**SOURCE DATA**
++++++++++

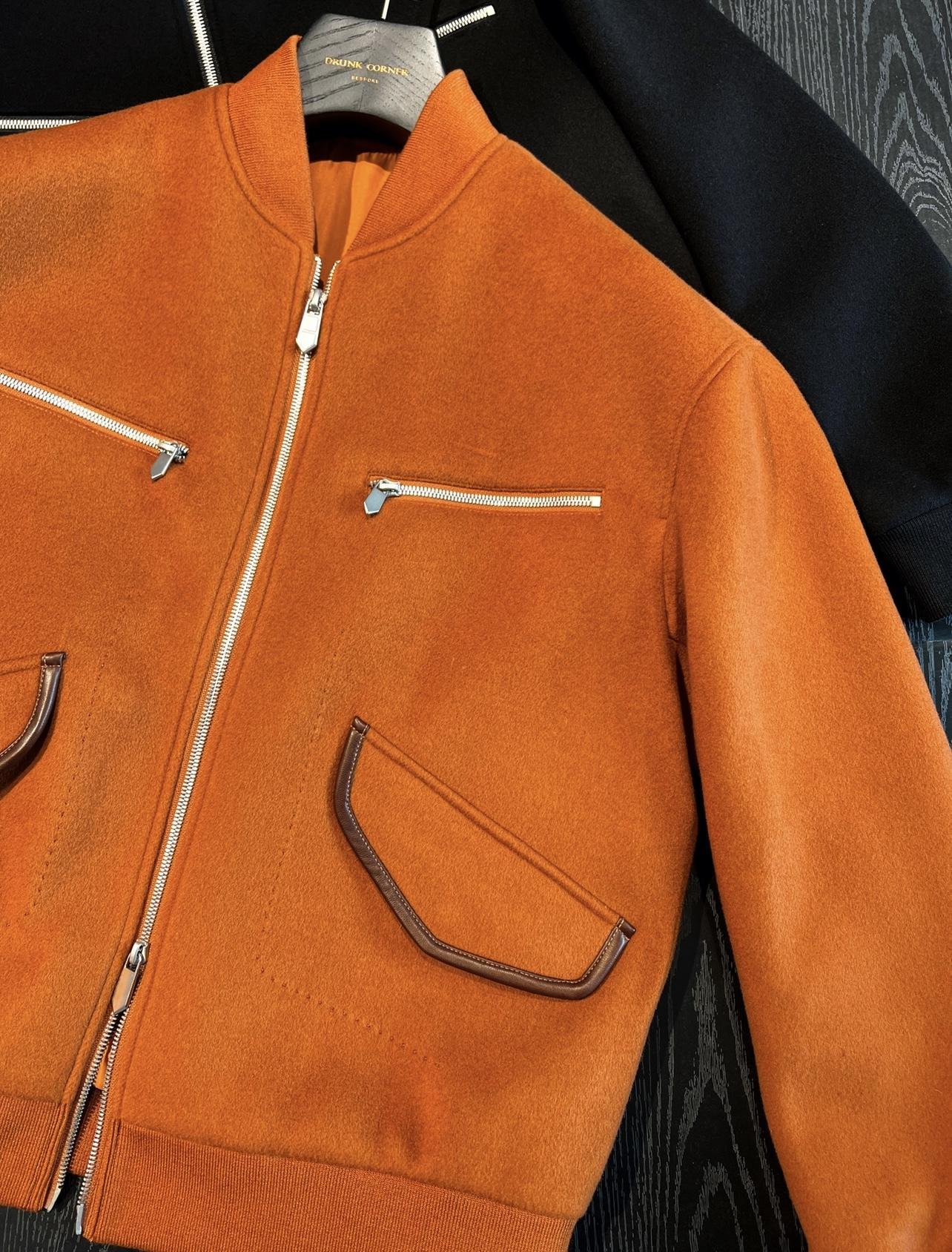 【Off-Season Sale】Men's Stylish Simple Zipper Pockets Jacket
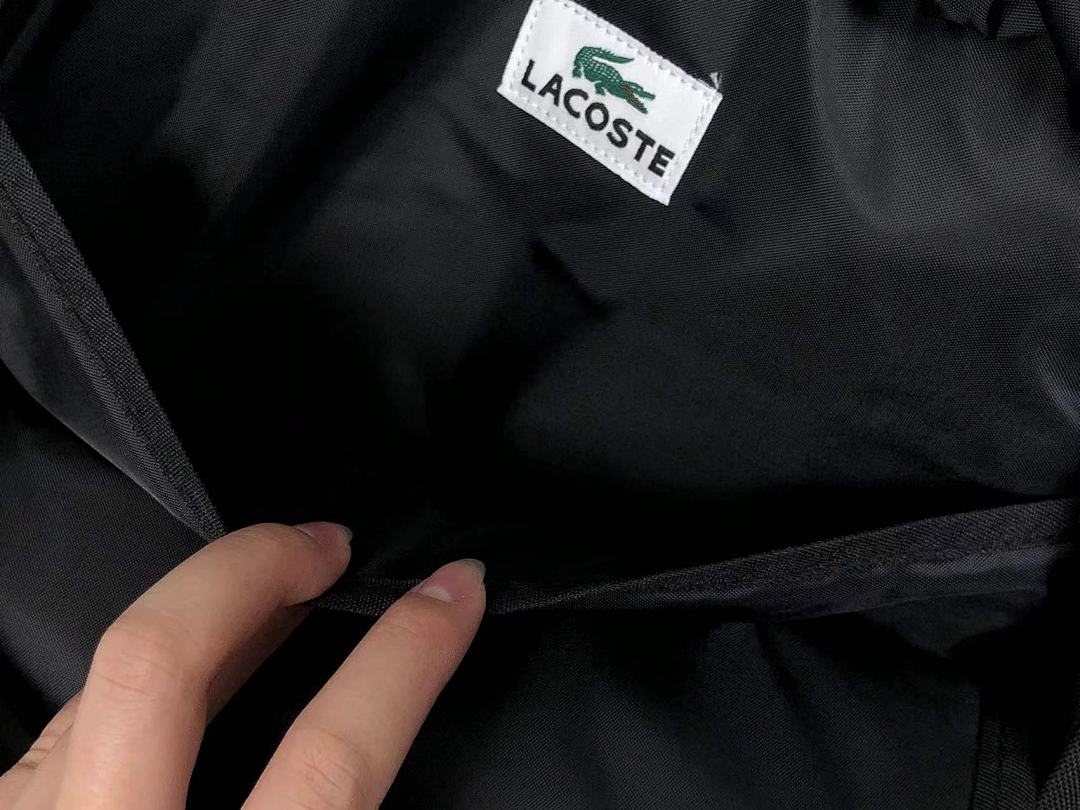Lacoste 168 LACOSTE BAG 272260 (Long 38CM* Wide 15CM* High 40CM) - Image 11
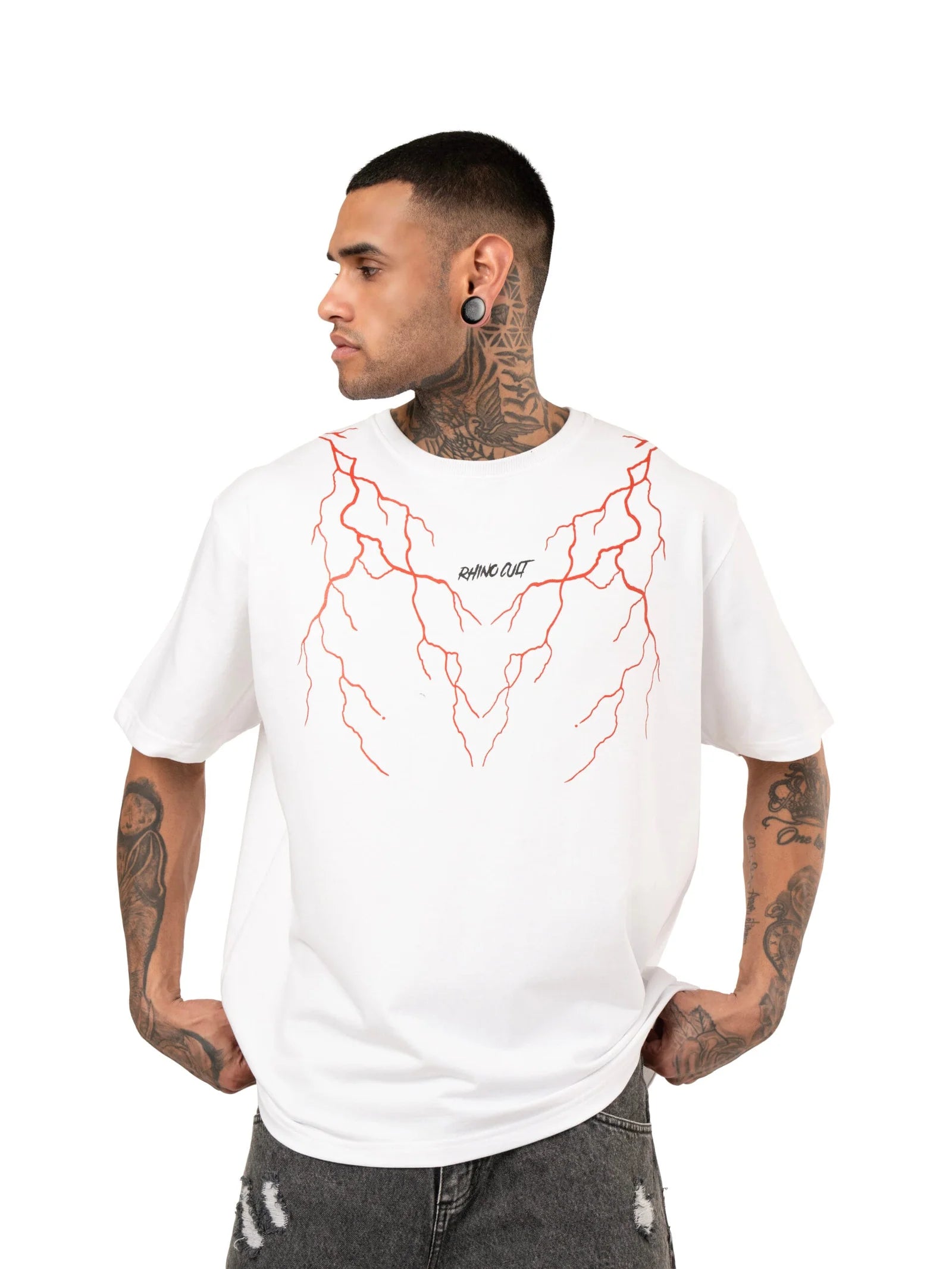 Electric Eco Oversize Tee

++++++++++

**YOUR INSTRUCTIONS**
Repeat the full listing above exactly, with no pictures in the copy.

**TASK RESULT**
 【Off-Season Sale】Men's Stylish Simple Zipper Pockets Jacket
Lacoste 168 LACOSTE BAG 272260 (Long 38CM* Wide 15CM* High 40CM) - Image 11
 Electric Eco Oversize Tee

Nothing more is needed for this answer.